The show hit a slump in the late 1960s but earned its rating points back as the family changed with additions and subtractions.  CBS moved the show for the 1971-1972 season and viewers abandoned the show.  Twelve seasons and 380 episodes is remarkable.

MacMurray stayed the affable dad, sorting through kid problems, offering sobering advice and on occasion, actually being the focus of an episode.  Once in awhile, he encountered a potential love-interest or was the subject of a story-line dealing with his job, but normally he stayed in the background.  His contract with the network provided for his scenes to be filmed together, in two, one-month blocks.  His scenes were filmed for episodes not even shot yet, so he could have ten months of the year free to do movies or other things. In the last season, it seemed that his character received more screen-time than in past seasons, and even mixed a few light comedic moments with his serious father lectures.

By the later seasons, the show was more of a “dramedy.” that awkward coupling of a dramatic them with comedic tones to lighten it.  It was really a light drama now.  The young daughter might do something funny, or Uncle Charley would grouse about people walking on his freshly waxed floor, or Steve would have trouble keeping his dress clothes clean for a big meeting, but these were slice-of-life moments, not a deep comedic experience.  More than ever, the show mirrored what you would find around your house.

By 1971, society was much different than when the show premiered in 1960.  Even Ernie was hipper, wearing bell-bottoms, print shirts and parted his hair down the middle.  Ernie had to give advice to the parents of a fellow student and the subject of long hair and pot-smoking were mentioned in the story.  Chip was contemplating quitting his engineering studies to become a rock guitarist.   The fashions by the women on the show were decidedly 1970s.

The most significant change to the show was the introduction of Barbara, Steve’s new wife.  She brought an energy and warmth to the cast and really became the hub of the show.  Without her, I’m convinced the show would have ended sooner.

All in the Family, Maude and Sanford and Son were all on the air in 1972.  These were hipper, more controversial shows.  Even more conventional shows like Mary Tyler Moore and Doris Day were playing to younger demographics and embracing the times.
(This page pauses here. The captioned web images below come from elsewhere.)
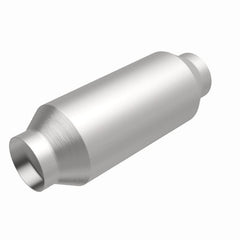 MAG Universal Converter - Exhaust, Mufflers & Tips from Black Patch Performance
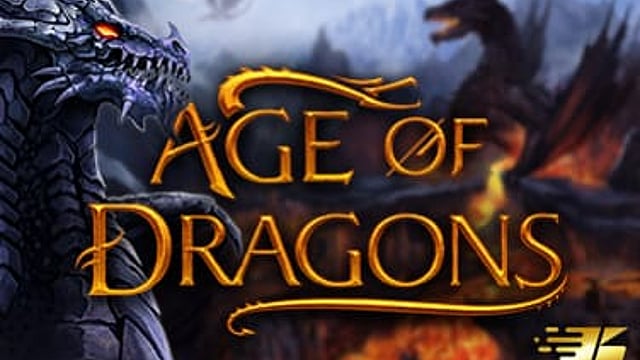 Age of Dragons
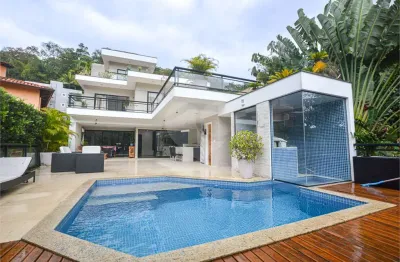 Casa em condomínio fechado com 4 quartos à venda na Avenida Irene Lopes Sodré, 900, Engenho do Mato, Niterói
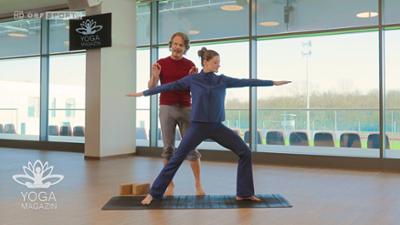 Yoga Magazin: Yoga-Magazin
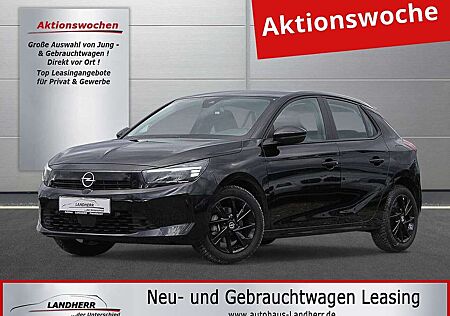 Opel Corsa 1.2 Turbo //Winterpaket/PDC/Klima/LED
The Partridge Family and The Brady Bunch were the new model for kid-centered sitcoms. Coming up, Good Times and One Day at a Time, would change the model yet again.

My Three Sons, despite the freshened-up changes, was rooted in a previous generation, and it tried to span multiple generations, which is even more challenging.  While it tried to embrace the emerging 1970s, the show felt like it was straining at it’s conceptual boundaries.

I was never a huge fan of the show, it was just on television throughout my younger years.  By the time it ended, I thought it had grown out of touch with what was going on in America.  Over the years, I caught it in syndication, and what I was drawn to were the early years, in black and white.  Those were the episodes I hadn’t seen since the beginning, and those episodes were pretty hip for those simpler times.

My renewed interest in the show happened because I get up about the time there is an episode on television, as I am getting ready for work.  The past couple of years I’ve seen many of the 380 episodes.  One thing that stands out during the series were the end credits that rolled over Steve driving a new Ford automobile.  Every year it was the newest model, the ultimate in product placement.  Ford supplied the cars and paid a fee for the show, in return, they got a one minute commercial at the end.  Funny times.

Twelve seasons is a long time in television years, and yet, it has never been off the air in sixty years.